:: WHAT TO WORK ON ::
Dropping every picture, set down exactly the lines in the entries below, starting with the line with "In this lesson, students" and going on through the line with "When you're done, click".

:: INFORMATION GIVEN ::
[Start of Attachment]

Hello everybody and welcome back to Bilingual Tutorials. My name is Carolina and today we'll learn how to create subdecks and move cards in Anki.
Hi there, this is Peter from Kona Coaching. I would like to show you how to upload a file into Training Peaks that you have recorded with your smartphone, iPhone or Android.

[End of Attachment]
[Start of Attachment]

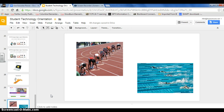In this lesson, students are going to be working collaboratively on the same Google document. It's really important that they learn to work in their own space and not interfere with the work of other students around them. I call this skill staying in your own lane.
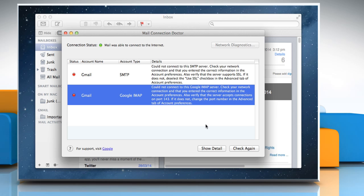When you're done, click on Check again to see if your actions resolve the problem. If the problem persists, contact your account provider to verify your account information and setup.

[End of Attachment]

:: SOLUTION TO THE PROBLEM ::
In this lesson, students are going to be working collaboratively on the same Google document. It's really important that they learn to work in their own space and not interfere with the work of other students around them. I call this skill staying in your own lane.
When you're done, click on Check again to see if your actions resolve the problem. If the problem persists, contact your account provider to verify your account information and setup.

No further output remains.